_Exercise description:_
The data below must be repeated exactly. Leave nothing out.

_Given material:_
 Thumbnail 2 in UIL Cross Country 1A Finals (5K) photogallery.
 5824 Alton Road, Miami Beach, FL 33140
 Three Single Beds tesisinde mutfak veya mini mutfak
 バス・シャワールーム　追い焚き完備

_Worked solution:_
 Thumbnail 2 in UIL Cross Country 1A Finals (5K) photogallery.
 5824 Alton Road, Miami Beach, FL 33140
 Three Single Beds tesisinde mutfak veya mini mutfak
 バス・シャワールーム　追い焚き完備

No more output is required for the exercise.